Barbara freely admits that her newest mix CD, Come With Me..., is taking her on one of the biggest challenges of her decade-long career. That's because it's a soft electro-minimal album and, therefore, far from her signature hard techno style.
"I'm just changing because this is where I want to go right now, this is the music that excites me right now. Hard techno has been exciting me for 10 years, now it's this.
"So now I'm changing and I would actually say that it's a very courageous move because, although I've been in a really underground scene, I had a name in hard techno and that's it. My name was done. And it took me a long time, it took me 10 years, to get to a respected point with techno music. And now I can just feed off that popularity and just play and have a blast and not have to make any more efforts because I'm established. But the thing is that I don't mind efforts. I actually like efforts and I like challenge."

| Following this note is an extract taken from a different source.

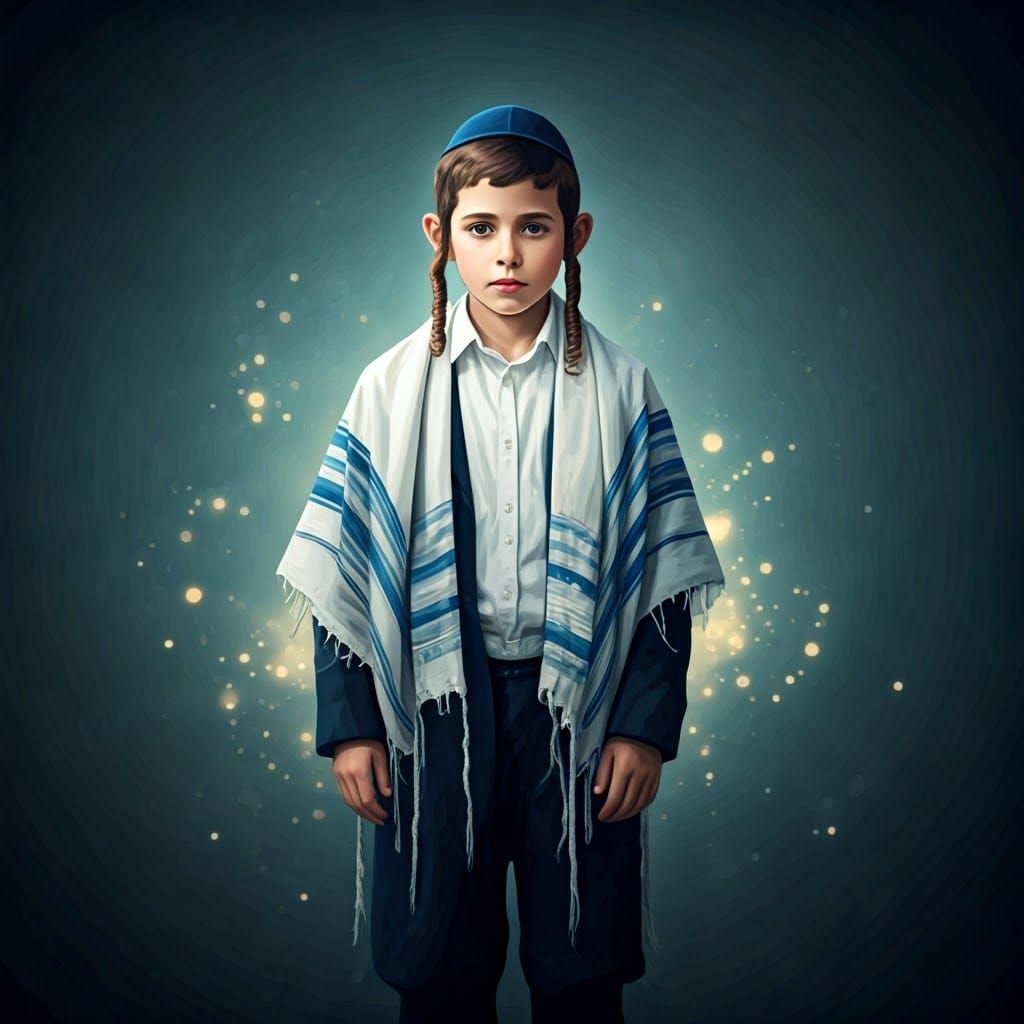 Young Orthodox Boy in Dreamlike Ink Splatter Art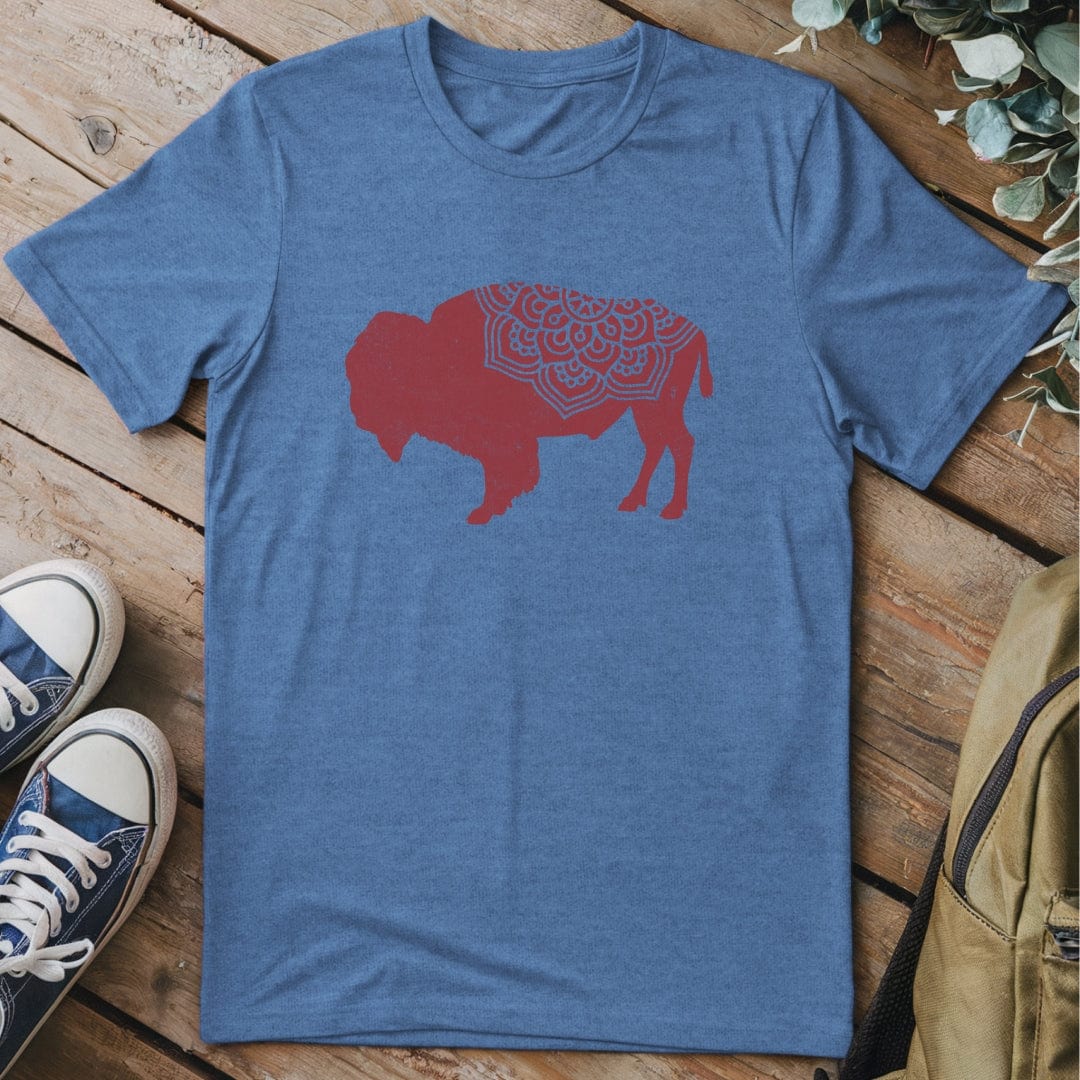 T-Shirt Heather Indigo / S Mandala Bison T-Shirt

Once Barbara decided on her new direction, she took two months to mix her album. It includes two of her new songs and contributions from 15 different DJs, including Trentemoller and Sebo K. The process of mixing in front of a plain studio wall instead of a club full of people wasn't easy for Barbara, but she made it work.
"It's all really perfectly mixed and it goes through the story, from the beginning to the end. It's not like up and down and up and down in the energy, it's like constantly building, building, building until a certain point, a peak, and then it comes down to announce the end of the CD. So I think it's definitely a journey. It's a journey that, when I play three, four, five hours, that's what I do with people in the crowd. But I've managed doing it in an hour, which is extremely difficult."
Barbara is currently on a world tour to promote the CD and says most of her fans have reacted well to the new music. But the person she most wants to keep happy is herself.
"If this music doesn't do it for me anymore and another type of music does, then I don't mind if I have to start all over again, like a new career," Barbara says.
"It's probably going to take me another 10 years to have the respect I would like to have in this style. But if this is what's going to happen, then that's fine."
Misstress Barbara plays Ottawa's Helsinki on February 25.